* What to produce
In the records below, which lines include "Stereo"? Copy them.

[Scraped caption text data]
Start of Block
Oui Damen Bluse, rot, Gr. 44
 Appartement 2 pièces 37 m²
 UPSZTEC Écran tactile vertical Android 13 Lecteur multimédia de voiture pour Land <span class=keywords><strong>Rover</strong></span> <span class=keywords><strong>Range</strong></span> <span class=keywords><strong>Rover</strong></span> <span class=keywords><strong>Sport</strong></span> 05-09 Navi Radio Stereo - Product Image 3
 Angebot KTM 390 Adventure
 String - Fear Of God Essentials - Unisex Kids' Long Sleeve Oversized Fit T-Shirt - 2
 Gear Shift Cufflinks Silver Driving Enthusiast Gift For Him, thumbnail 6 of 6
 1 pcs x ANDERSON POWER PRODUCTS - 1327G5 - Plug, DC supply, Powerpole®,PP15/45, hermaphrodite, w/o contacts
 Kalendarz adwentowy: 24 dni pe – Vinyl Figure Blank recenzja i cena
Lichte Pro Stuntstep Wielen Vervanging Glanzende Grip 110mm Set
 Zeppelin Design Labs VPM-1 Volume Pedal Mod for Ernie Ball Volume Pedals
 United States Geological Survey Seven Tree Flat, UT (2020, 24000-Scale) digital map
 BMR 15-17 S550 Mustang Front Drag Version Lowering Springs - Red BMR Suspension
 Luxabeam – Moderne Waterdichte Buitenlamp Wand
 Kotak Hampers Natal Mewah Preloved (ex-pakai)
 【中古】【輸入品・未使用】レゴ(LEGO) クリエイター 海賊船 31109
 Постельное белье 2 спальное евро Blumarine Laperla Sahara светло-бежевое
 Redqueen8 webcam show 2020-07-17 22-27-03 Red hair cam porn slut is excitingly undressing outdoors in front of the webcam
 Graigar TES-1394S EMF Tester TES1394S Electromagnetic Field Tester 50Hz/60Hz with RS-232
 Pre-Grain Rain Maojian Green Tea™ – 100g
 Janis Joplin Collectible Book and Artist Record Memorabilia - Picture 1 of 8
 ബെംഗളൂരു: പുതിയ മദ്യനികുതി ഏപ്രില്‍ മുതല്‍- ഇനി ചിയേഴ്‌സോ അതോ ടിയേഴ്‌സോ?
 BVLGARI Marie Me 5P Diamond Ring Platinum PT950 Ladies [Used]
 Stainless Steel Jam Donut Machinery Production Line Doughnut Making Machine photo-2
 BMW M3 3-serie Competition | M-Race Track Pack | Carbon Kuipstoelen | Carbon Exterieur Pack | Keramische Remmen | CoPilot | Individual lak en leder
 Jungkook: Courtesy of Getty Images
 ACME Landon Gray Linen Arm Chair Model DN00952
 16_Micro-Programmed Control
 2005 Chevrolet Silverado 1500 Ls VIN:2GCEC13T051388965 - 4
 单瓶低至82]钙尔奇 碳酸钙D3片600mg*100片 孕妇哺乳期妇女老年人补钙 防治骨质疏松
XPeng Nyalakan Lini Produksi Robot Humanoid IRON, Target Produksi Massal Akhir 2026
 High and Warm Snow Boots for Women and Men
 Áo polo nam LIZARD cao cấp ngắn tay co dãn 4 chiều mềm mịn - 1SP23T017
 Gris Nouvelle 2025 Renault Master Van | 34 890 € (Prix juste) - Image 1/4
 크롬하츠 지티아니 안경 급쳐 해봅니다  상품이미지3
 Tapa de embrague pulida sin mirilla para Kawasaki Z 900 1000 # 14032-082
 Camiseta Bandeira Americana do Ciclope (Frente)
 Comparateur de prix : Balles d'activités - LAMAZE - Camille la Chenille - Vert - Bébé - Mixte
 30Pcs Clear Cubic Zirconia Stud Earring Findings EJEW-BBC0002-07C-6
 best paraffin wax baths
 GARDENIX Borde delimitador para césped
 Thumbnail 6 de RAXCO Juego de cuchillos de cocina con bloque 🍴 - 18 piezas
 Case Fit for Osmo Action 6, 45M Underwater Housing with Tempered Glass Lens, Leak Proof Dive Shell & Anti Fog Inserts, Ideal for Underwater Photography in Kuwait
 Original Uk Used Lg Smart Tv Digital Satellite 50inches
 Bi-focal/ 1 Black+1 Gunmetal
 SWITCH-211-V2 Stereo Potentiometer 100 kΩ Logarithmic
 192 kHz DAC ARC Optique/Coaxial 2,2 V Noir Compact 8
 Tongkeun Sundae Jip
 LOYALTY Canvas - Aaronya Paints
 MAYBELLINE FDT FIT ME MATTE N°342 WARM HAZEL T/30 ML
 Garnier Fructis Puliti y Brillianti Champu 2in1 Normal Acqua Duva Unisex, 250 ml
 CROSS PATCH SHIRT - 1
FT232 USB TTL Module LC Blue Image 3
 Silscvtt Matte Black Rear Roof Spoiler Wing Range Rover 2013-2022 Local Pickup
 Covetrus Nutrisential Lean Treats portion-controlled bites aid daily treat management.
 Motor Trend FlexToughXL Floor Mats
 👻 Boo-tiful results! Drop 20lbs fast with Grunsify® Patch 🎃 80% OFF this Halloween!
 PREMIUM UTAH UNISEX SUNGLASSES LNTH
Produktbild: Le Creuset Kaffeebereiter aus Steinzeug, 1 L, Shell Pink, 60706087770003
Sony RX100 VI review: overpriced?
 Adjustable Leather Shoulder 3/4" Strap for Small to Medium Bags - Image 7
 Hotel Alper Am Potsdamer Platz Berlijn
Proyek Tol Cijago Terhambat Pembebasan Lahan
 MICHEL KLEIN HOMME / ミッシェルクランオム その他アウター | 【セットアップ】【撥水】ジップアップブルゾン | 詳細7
End of Block
* Reply to the exercise
 UPSZTEC Écran tactile vertical Android 13 Lecteur multimédia de voiture pour Land <span class=keywords><strong>Rover</strong></span> <span class=keywords><strong>Range</strong></span> <span class=keywords><strong>Rover</strong></span> <span class=keywords><strong>Sport</strong></span> 05-09 Navi Radio Stereo - Product Image 3
 SWITCH-211-V2 Stereo Potentiometer 100 kΩ Logarithmic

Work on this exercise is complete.